Shared-Memory Hierarchical Process Mapping
Christian Schulz, Henning Woydt
TL;DR
GPMP seeks to map $n$ tasks onto $k$ processing elements in hierarchical supercomputer topologies to minimize total communication cost while balancing workload, a problem that is NP-hard. The authors introduce SharedMap, a parallel shared-memory hierarchical multisection algorithm that partitions the communication graph along the system hierarchy and then uses an identity mapping, enabling scalable, high-quality mappings. Key contributions include four threading strategies (Layer, Priority Queue, Non-Blocking Layer, Naive) and an adaptive imbalance scheme $\epsilon'$ to preserve $\,\epsilon$-balance across hierarchy levels; in experiments on diverse benchmarks, SharedMap achieves best-known solution quality on $95\%$ of instances and outperforms state-of-the-art parallel methods in most cases.

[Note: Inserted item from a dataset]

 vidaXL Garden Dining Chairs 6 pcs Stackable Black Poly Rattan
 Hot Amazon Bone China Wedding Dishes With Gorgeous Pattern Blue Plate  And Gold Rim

The approach is practical, improves mapping quality with competitive runtimes, and opens avenues for GPU extension and dynamic adaptive mapping in evolving workloads.
Abstract
Modern large-scale scientific applications consist of thousands to millions of individual tasks. These tasks involve not only computation but also communication with one another. Typically, the communication pattern between tasks is sparse and can be determined in advance. Such applications are executed on supercomputers, which are often organized in a hierarchical hardware topology, consisting of islands, racks, nodes, and processors, where processing elements reside. To ensure efficient workload distribution, tasks must be allocated to processing elements in a way that ensures balanced utilization. However, this approach optimizes only the workload, not the communication cost of the application. It is straightforward to see that placing groups of tasks that frequently exchange large amounts of data on processing elements located near each other is beneficial. The problem of mapping tasks to processing elements considering optimization goals is called process mapping. In this work, we focus on minimizing communication cost while evenly distributing work. We present the first shared-memory algorithm that utilizes hierarchical multisection to partition the communication model across processing elements. Our parallel approach achieves the best solution on 95 percent of instances while also being marginally faster than the next best algorithm. Even in a serial setting, it delivers the best solution quality while also outperforming previous serial algorithms in speed.